Lower pressure makes spreading soap or chemicals on the surface easy. Manufacturers supply cleaning solutions for various surfaces and materials in formulations that won’t damage the pump or pressure washer. Using household cleaners that contain bleach, ammonia, or other chemicals may result in damage and expensive repairs. Only use chemicals or soaps made for use in pressure washers, and only on surface types specified on the label. The use of household chemicals may void the unit’s warranty.
Red: Zero Degree
This tip produces a solid stream of water that can damage soft materials such as wood. The pencil-like water stream concentrates all of the water pressure onto a single point.
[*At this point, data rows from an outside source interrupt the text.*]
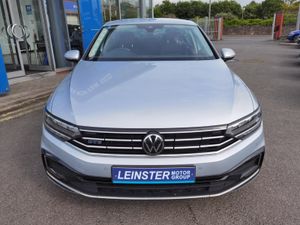 VOLKSWAGEN PASSAT 1.4 GTE DSG AUTOMATIC - Image 3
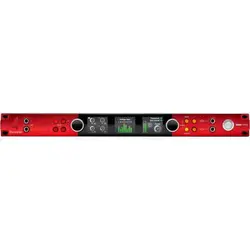 Focusrite Red 4Pre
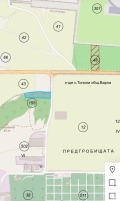 Продава ПАРЦЕЛ, гр. Варна, с. Тополи, снимка 2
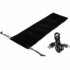 Tristar HD2502 Snoerloze Krultang Zwart/Rose_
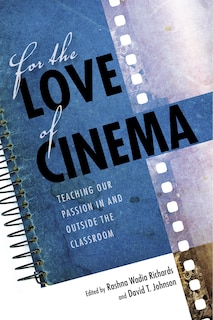Front cover_For The Love Of Cinema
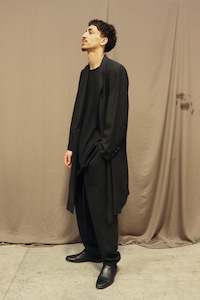 After Dark Jacket - Mangu [PRE ORDER]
Uses include removing grass from sidewalk or driveway cracks, cleaning lawnmowers, or removing stains from brick, concrete, or metal. It handles thick mud and makes cleaning rototiller tines a breeze.
Generally not for use on house siding or other easily damaged surfaces. If you could throw a small stone and dent the surface, then avoid using the red tip.
Yellow: Fifteen Degree
The yellow tip is like a chisel, and is sometimes called a chisel tip. When the spray is applied at an angle to the surface, it peels paints, mold, and mildew from the surface much like a paint scraper would. Applying the spray at an angle allows it to get under the paint and break its bond with the underlying surface material.
This tip is good for stripping paint or other finishes or any other tough cleaning job. Avoid using on painted surfaces unless you want to strip the paint. This nozzle is excellent for general cleaning on metal, concrete or masonry surfaces. Use care on wood―the spray could damage it or strip away paint, even if the spray is not applied at an angle.
Green: Twenty-Five Degree
One of the most commonly used cleaning tips, the green tip produces a 25-degree spray that handles most cleaning jobs. After soap is applied, the green tip completes the job by breaking the bond between the dirt and the surface. The wide spray angle makes covering large areas easy and fast.
This tip is excellent for general cleaning. It removes dirt from houses, patios, walkways and other surfaces.
White: Forty Degree
With a forty-degree spray and a slightly larger orifice, this tip produces a lower pressure spray for cleaning cars, fiberglass boats, patio furniture, and rinsing soap from glass and wooden surfaces. It’s a good follow up tip to use after brightening and cleaning your deck.
This tip makes final rinsing a breeze and won’t damage most surfaces. It’s not the best tip for cleaning stubborn stains on concrete or brick, but it will do a great job cleaning dirty wood, vinyl, or aluminum siding.